The Internet of Things: Divided Infringement

November 10, 2016

Authored and Edited by James D. Stein; Matthew J. Hlinka; Kenie Ho; Stephanie M. Sanders

Some analysts predict the Internet of Things (IoT) market will grow from nearly $2 trillion in 2013 to $7 trillion in 2020. With this rapid growth comes new challenges for companies trying to protect and enforce their patent rights. Of particular concern for IoT companies is divided or joint infringement issues.

To prove infringement, a patent owner typically must show that a single party sells a product or performs a process that meets all elements of a patent claim. IoT inventions, however, often create value for consumers by connecting disparate devices—usually made by different entities—in creative ways.

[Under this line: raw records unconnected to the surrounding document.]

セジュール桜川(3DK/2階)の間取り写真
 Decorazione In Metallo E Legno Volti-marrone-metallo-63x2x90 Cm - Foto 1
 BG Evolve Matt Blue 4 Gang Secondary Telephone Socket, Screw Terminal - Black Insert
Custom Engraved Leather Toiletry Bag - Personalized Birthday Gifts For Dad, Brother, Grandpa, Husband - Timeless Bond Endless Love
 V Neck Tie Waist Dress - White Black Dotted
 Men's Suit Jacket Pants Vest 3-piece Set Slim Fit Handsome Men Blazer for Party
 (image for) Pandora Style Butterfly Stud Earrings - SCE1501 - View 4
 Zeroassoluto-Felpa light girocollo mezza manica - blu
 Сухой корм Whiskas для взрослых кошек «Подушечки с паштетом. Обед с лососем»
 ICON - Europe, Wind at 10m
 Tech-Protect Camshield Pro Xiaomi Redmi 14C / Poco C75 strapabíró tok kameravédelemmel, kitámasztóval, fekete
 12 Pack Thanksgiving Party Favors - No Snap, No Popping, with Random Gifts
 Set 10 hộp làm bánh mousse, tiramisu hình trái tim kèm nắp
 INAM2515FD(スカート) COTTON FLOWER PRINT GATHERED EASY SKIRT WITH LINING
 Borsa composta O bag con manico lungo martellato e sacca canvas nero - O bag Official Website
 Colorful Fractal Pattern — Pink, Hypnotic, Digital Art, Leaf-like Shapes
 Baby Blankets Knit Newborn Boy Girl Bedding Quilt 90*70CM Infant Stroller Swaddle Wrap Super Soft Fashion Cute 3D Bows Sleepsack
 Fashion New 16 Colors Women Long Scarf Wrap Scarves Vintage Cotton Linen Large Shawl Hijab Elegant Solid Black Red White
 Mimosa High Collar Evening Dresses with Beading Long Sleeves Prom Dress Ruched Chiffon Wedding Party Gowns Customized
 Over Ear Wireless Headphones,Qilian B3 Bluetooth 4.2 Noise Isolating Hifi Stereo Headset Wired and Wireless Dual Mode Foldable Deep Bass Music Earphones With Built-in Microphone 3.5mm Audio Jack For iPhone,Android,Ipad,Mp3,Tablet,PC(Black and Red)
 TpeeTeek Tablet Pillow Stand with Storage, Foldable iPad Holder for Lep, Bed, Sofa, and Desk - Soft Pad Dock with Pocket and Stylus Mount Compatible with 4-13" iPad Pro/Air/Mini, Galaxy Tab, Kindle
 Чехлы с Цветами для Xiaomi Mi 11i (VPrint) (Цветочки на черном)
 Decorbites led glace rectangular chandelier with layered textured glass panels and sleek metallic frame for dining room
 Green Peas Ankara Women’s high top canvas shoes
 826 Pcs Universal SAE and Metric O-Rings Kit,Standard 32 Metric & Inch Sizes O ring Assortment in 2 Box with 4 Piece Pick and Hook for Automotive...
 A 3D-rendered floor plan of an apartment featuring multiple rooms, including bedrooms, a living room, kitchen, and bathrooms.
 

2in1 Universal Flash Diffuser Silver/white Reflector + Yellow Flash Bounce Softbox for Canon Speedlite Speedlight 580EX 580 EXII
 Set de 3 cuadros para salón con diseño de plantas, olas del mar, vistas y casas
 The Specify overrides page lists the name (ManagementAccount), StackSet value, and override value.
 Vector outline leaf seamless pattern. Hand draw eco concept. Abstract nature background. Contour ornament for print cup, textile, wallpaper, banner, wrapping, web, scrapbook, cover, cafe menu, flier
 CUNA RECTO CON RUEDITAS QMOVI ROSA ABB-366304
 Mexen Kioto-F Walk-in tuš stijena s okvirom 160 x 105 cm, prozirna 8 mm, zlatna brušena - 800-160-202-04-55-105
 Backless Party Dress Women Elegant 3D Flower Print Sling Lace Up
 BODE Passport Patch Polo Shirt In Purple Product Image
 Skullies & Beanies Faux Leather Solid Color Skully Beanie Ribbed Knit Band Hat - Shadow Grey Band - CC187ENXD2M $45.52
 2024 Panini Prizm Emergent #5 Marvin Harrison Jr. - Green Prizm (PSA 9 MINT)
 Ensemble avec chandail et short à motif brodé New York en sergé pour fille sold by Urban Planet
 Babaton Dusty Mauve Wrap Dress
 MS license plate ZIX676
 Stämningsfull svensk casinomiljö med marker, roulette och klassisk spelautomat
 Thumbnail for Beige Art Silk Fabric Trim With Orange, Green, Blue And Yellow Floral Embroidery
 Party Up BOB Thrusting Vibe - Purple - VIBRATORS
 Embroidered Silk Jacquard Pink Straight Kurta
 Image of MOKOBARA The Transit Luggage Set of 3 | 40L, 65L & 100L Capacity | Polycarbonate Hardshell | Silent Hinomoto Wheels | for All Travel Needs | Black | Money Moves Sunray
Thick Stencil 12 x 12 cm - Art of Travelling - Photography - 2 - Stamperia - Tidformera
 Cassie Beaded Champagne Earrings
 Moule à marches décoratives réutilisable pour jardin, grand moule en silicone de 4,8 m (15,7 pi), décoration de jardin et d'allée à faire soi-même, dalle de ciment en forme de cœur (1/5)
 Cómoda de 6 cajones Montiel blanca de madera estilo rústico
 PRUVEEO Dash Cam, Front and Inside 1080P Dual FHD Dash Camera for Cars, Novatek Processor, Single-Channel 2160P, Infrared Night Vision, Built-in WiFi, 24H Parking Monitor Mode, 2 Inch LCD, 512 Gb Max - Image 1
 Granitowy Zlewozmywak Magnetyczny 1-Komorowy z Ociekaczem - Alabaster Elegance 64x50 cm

For example, in an IoT smart home, entertainment systems, lighting, appliances, climate control, and power meters may all work together to optimize the home environment while minimizing power consumption. In the real world, each of these devices could be made, sold, or used by different entities. An IoT patent might be directed to using all of these devices together in a novel way; thus no single entity by itself practices the patented invention. This situation is known as divided or joint infringement, which can be difficult to prove.

Smart Home System

One way to mitigate or avoid divided infringement situations is to draft patent claims from the perspective of only one device in the IoT system, capturing only the entity that makes, uses, or sells that device. In the above smart home example, that device might be a novel internet server that receives data from the different IoT home devices, analyzes the data, and provides instructions to the devices controlling the home environment. But, not all IoT devices lend themselves to this drafting technique. It might only be possible to obtain a patent on the way that a customer controls the entire system because that might be the only novel aspect of the system. Even in this case, the patentee can still show direct infringement of the claim by proving that the customer “puts the system as a whole into service, i.e., controls the system and obtains benefit from it.”1

The patent owner can still prove infringement against another entity, such as the service provider, by showing that the service provider exercises sufficient control or direction over the entire process such that its customer’s use of the entire system can be attributed to the service provider under a theory of induced infringement. Induced infringement is a more difficult standard to meet, but it is not impossible to prove.

Conclusion

As the IoT market continues to grow, protecting IoT inventions will become ever more important. Keeping the above principles in mind when drafting patent applications will help build a stronger IoT patent portfolio or help defend against a weak one.

1 Centillion Data Sys., LLC. v. Qwest Commc’ns. Int'l, Inc., 631 F.3d 1279, 1285 (Fed. Cir. 2011).

 

Tags

divided infringement, enforcement, infringement, software patents

Contacts

Matthew J. Hlinka
Partner
Washington, DC
+1 202 408 4333
Email

Copyright © 2016 Finnegan, Henderson, Farabow, Garrett & Dunner, LLP.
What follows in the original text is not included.